1https://nl.mathworks.com/help/matlab/matlab_prog/run-sections-of-programs.html

4

6. The exercises often require you to make changes within a separate .m file, rather than the

top-level script. This means that inspecting the variables in these files is not easily done

without debugging. If you do not know how to debug code in matlab, then please read

matlab’s documentation on how to set breakpoints (especially the ability to automatically

set breakpoint on error), and subsequently how you can examine values once you are in

debug mode.

1 Eigen-pedestrians

Exercises refer to code sections in assignment eigen pedestrians.m.

Let us start by exploring the dataset a bit. It may be difficult to interpret the LRF and HOG

feature representations, but it is possible to visualize the gray-level intensity images by resizing

them to their original size. Note that these 25 × 50 pixel images have been reshaped to

1 × 1250-dimensional vectors. To restore one vector to its original size, the Matlab command

reshape can be used. After reshaping the matrix, it can be visualized by using imshow.

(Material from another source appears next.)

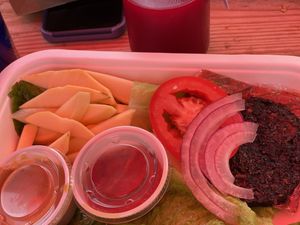 Burger and fries  at Ionie Organic Cafe in Sarasota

Note: imshow will automatically scale the intensities if you pass it an empty array as second

argument, e.g. imshow(I, []).

Exercise 1.1. Visualize several pedestrian and background samples from the training

data. Note: You do not need to start from scratch, a lot of the boilerplate is already given

in the provided assignment script referred to in the boxed note at the top of this section. In

the script, look for code block with the comment ’Exercise 1.1’. You will see that you only

need to complete the function imshow_intensity_features.m. For instance, this first

exercise can be solved using the correct calls to reshape and imshow only.

Some classifiers may not be able to handle the high dimensionality of the input data. Principal

Component Analysis (PCA) is one method to reduce the data dimensionality by projecting it into

a linear subspace that maintains most of the variance in the data, see Appendix A.

Question 1.1. For each of the three feature types, what is the maximum number of PCA

components? Motivate your answer.

In this section, we shall study using PCA on the gray-level intensity features. In your submitted

solution, you cannot use the built-in Matlab functions pca or princomp. Instead, make your

own implementation, for which you can use Appendix A as a reference. You are allowed to use

Matlab’s eig function to compute eigenvectors and eigenvalues. Notice that to correctly project

data onto the PCA dimensions, the mean vector should be subtracted from the data, so this

vector needs to be computed too.

Exercise 1.2. Compute the principal components from the dataset, and visualize the

mean, and the first 10 principal components as images. Note: Be aware that there are

different conventions to represent feature vectors. For instance, in math notation (as in

Appendix A), features vectors are typically expressed as column vectors. But in the code

and data matrices, the features are given as rows. This difference matters when doing dot

products between matrices and vectors.

These principal components are the eigen-vectors of the covariance computed on the given image

intensity features. Since the image dataset contains pedestrians, its principal components

can also be called eigen-pedestrians.

5

Question 1.2. Include images of the “mean” pedestrian, and the 10 eigen-pedestrians

in your report. How do you interpret the light/dark regions in the eigen-pedestrians? What

color would a PCA weight of ”0” have in these images? And, what color would an intensity

of ”0” have in the intensity images from Exercise 1.1?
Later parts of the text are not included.